December 2025 Event Cameras

Sound causes objects to vibrate, and while these vibrations are typically invisible to the naked eye, they can be observed visually under appropriate sensing conditions. Prior work has shown that the motion of an object’s surface is closely related to the underlying sound pressure, making it possible to infer audio from visual measurements alone [1]. This idea has enabled non-contact sound recovery in applications such as visual microphones, optical vibration sensing, surveillance, and the analysis of material and structural properties, especially in settings where placing microphones is difficult or undesirable [2], [3] .

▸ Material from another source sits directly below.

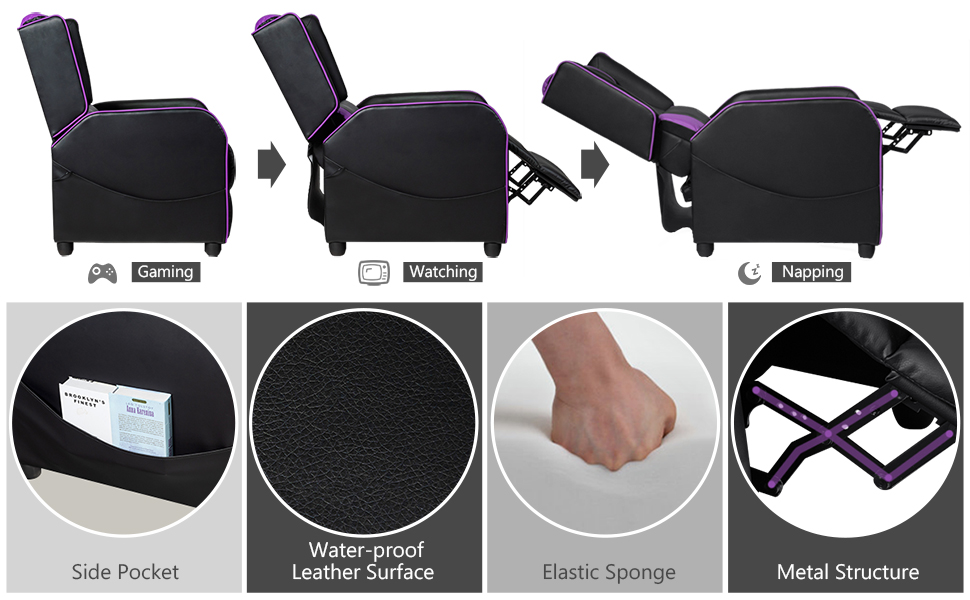 Goplus Massage Gaming Recliner Chair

Event cameras operate differently from conventional cameras. Instead of recording images at fixed frame rates, each pixel independently reports changes in brightness as they occur. This asynchronous sensing makes event cameras extremely sensitive to fast and subtle motion, while producing very little data when the scene is static.

As a result, event cameras can reveal physical phenomena—such as micro-scale vibrations—that are invisible to standard video and even to the human eye. In this post, I describe a simple observation: although the object appears stationary to the naked eye, sound-induced vibrations produce apparent motion that becomes visible in the event stream.

Experiment Setup

The object is illuminated by a single fixed light source. The camera observes the object, while sound is played by a speaker outside the camera's field of view. The object appears visually static. Measures were taken to minimize sound propagation through the table, including the use of acoustic isolation foam. Below is the event stream visualization of a chips packet with sound playing.

Observation

When sound is playing, the event stream exhibits clear, structured activity that is absent when no sound is present. This activity is caused by sound-induced micro-vibrations of the object, which introduce subtle temporal changes in brightness that trigger events.

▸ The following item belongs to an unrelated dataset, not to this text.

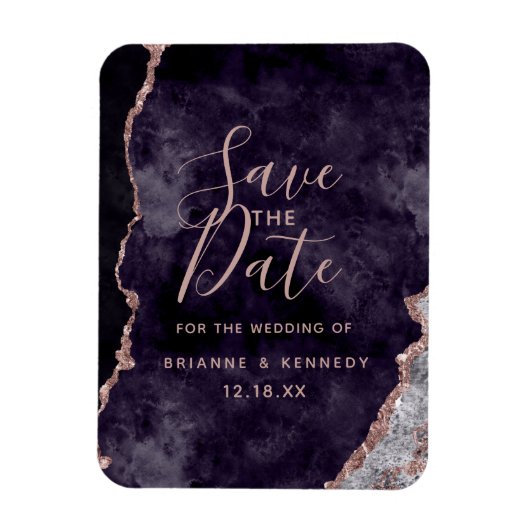 Mauve Rose Gold Agate Marble Save the Date Magneet (Verticaal)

When no sound is playing, the event stream is sparse and dominated by background noise. The contrast between these two conditions is immediately visible in the raw event data.

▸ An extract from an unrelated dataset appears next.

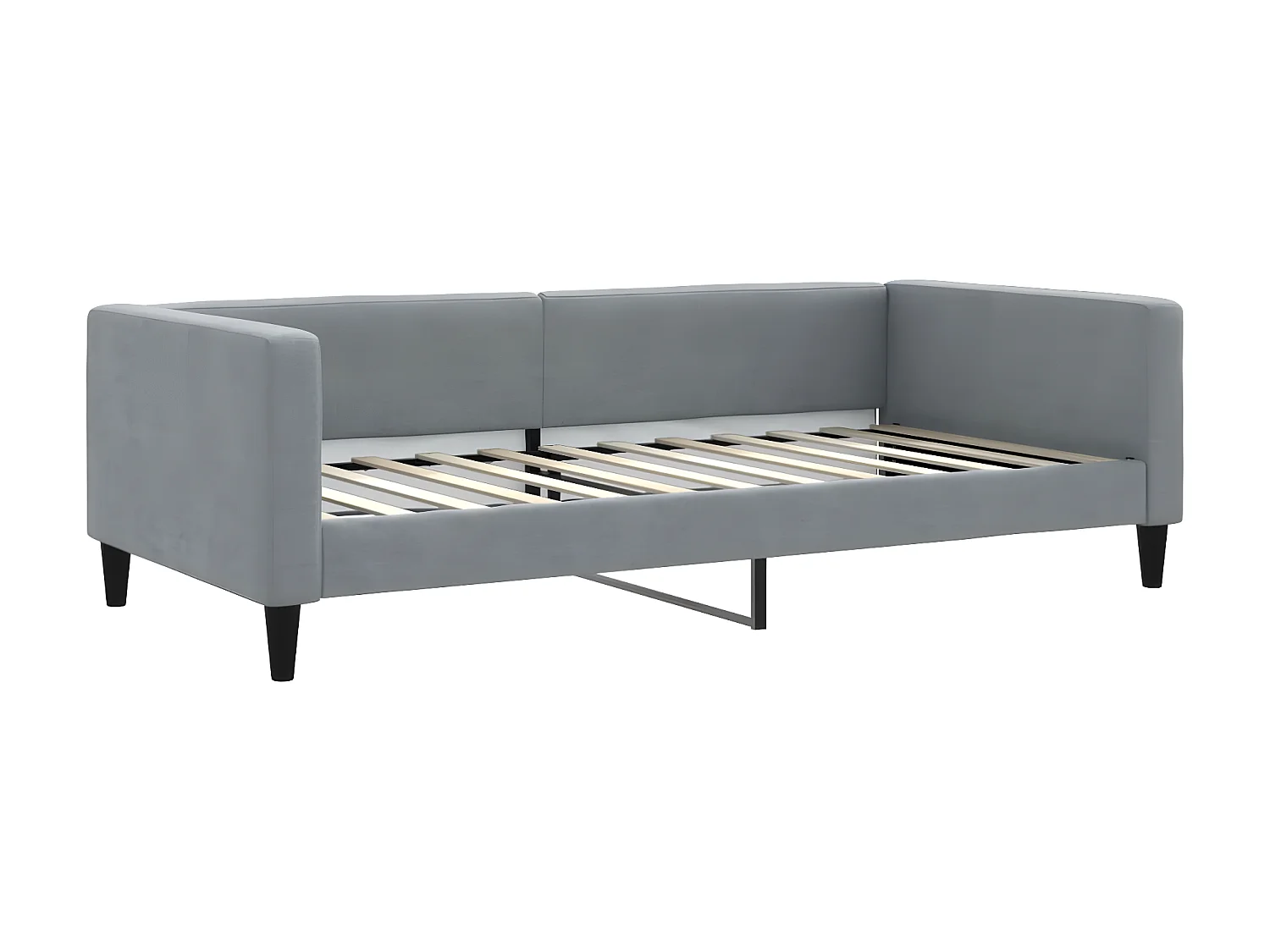 Lit - 100x200 cm avec matelas gris clair tissu WVGQ5653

Raw event stream with sound

Raw event stream with sound

Raw event stream without sound

Raw event stream without sound

Key takeaway:
Since event cameras can capture tiny, rapid brightness changes, sound becomes visible in the form of motion as it physically vibrates objects.

Next Steps

Ongoing work focuses on investigating methods for extracting sound-related information present in these event streams.

Acknowledgments

Thank you to Prof. Robert Pless for his guidance and for providing this opportunity and access to the event camera used in these experiments. I also thank Alper Cetinkaya for the helpful discussions during this work.

References

  1. Abe Davis, Michael Rubinstein, Neal Wadhwa, Gautham J. Mysore, Fredo Durand, and William T. Freeman. The Visual Microphone: Passive Recovery of Sound from Video. ACM Transactions on Graphics (SIGGRAPH), 2014.
  2. Justin G. Chen, Neal Wadhwa, Young-Jin Cha, Fredo Durand, William T. Freeman, and Oral Buyukozturk. Structural Modal Identification Through High-Speed Camera Video: Motion Magnification. Topics in Modal Analysis I, Springer, 2014.
  3. Mark Sheinin, Dorian Chan, Matthew O’Toole, and Srinivasa G. Narasimhan. Dual-Shutter Optical Vibration Sensing. IEEE/CVF Conference on Computer Vision and Pattern Recognition (CVPR), 2022.